TikTok is a Threatening Force for Silicon Valley
By Jamie RolloNov. 4 2019, Published 6:08 p.m. ET
2019 has become the year of TikTok. Across the world, millions of people have been posting second-long videos dubbed to their favorite songs or scenes to the application. This past year, TikTok was downloaded more than 750 million times beating social media staples Facebook (715 million), Instagram (450 million), YouTube (300 million), and Snapchat (275 million). Founded by ByteDance, a 7-year-old company based out of Beijing, TikTok is seemingly posing a large threat to American tech companies.
According to The New York Times, Congress had asked the U.S Committee on Foreign Investments to review ByteDance’s acquisition of the American-made phone app, Music.ly (which later became TikTok). With this being China’s first globally successful tech product, all of Silicon Valley is struggling to remain competitive. “They see that TikTok right now is having a moment, and they have a natural concern when any other app gains share in attention,” Eugene Wei, a media executive, told The Times. “And we haven’t seen another consumer app make that much headway in attention market share in recent history.”
In order to keep up with the trend that TikTok set, the major social media giants have been creating in-app features that provide the same service as ByteDance’s application. However, their feats have proven unsuccessful. Facebook attempted to launch “Lasso,” which was referred to as a “TikTok clone.” Lasso did not see nearly the same success.
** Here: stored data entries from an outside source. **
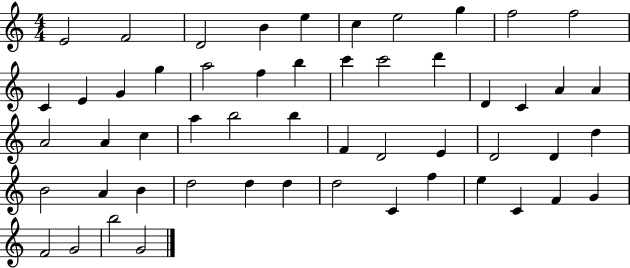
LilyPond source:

{
  \clef treble
  \numericTimeSignature
  \time 4/4
  \key c \major
  e'2 f'2 | d'2 b'4 e''4 | c''4 e''2 g''4 | f''2 f''2 | \break c'4 e'4 g'4 g''4 | a''2 f''4 b''4 | c'''4 c'''2 d'''4 | d'4 c'4 a'4 a'4 | \break a'2 a'4 c''4 | a''4 b''2 b''4 | f'4 d'2 e'4 | d'2 d'4 d''4 | \break b'2 a'4 b'4 | d''2 d''4 d''4 | d''2 c'4 f''4 | e''4 c'4 f'4 g'4 | \break f'2 g'2 | b''2 g'2 | \bar "|."
}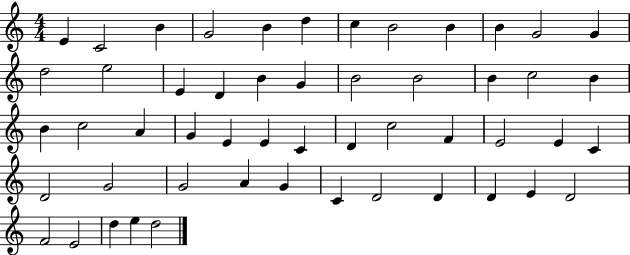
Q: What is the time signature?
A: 4/4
It had only been downloaded less than 500,000 times and the most popular posts only have a few dozen likes.
YouTube, owned by Google, also attempted to recreate the commodity. The in-app feature, called Firework, would allow users to edit similar, short videos. Instagram, owned by Facebook, is also working on a feature called “clips” would allow similar, TikTok style edits. Snapchat, however, has been one of the few companies to embrace TikTok through partnerships.
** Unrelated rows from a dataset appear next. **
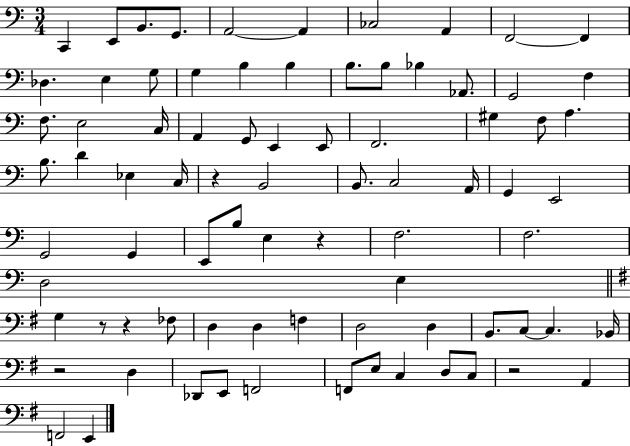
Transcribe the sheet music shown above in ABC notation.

X:1
T:Untitled
M:3/4
L:1/4
K:C
C,, E,,/2 B,,/2 G,,/2 A,,2 A,, _C,2 A,, F,,2 F,, _D, E, G,/2 G, B, B, B,/2 B,/2 _B, _A,,/2 G,,2 F, F,/2 E,2 C,/4 A,, G,,/2 E,, E,,/2 F,,2 ^G, F,/2 A, B,/2 D _E, C,/4 z B,,2 B,,/2 C,2 A,,/4 G,, E,,2 G,,2 G,, E,,/2 B,/2 E, z F,2 F,2 D,2 E, G, z/2 z _F,/2 D, D, F, D,2 D, B,,/2 C,/2 C, _B,,/4 z2 D, _D,,/2 E,,/2 F,,2 F,,/2 E,/2 C, D,/2 C,/2 z2 A,, F,,2 E,,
Facebook founder Mark Zuckerberg believes the issue with TikTok goes deeper than the attention business. He previously said the Chinese government is trying to censor the internet globally. “China is building its own internet focused on very different values, and is now exporting their vision of the internet to other countries,” Zukerberg said in a speech at Georgetown University. “While our services, like WhatsApp, are used by protestors and activists everywhere due to strong encryption and privacy protections, on TikTok, the Chinese app growing quickly around the world, mentions of these protests are censored, even in the U.S… Is that the internet we want?”
ByteDance has been denying these claims, however. A spokesperson for the company, Josh Gartner, affirmed the Chinese government does not censor content on their app and that their policies and terms of agreement are led by a U.S team. “We have said clearly that these accusations are false,” said Gartner. “This is an unfortunate attempt by Mark Zuckerberg to redirect scrutiny onto a competitor that he’s failed to copy.”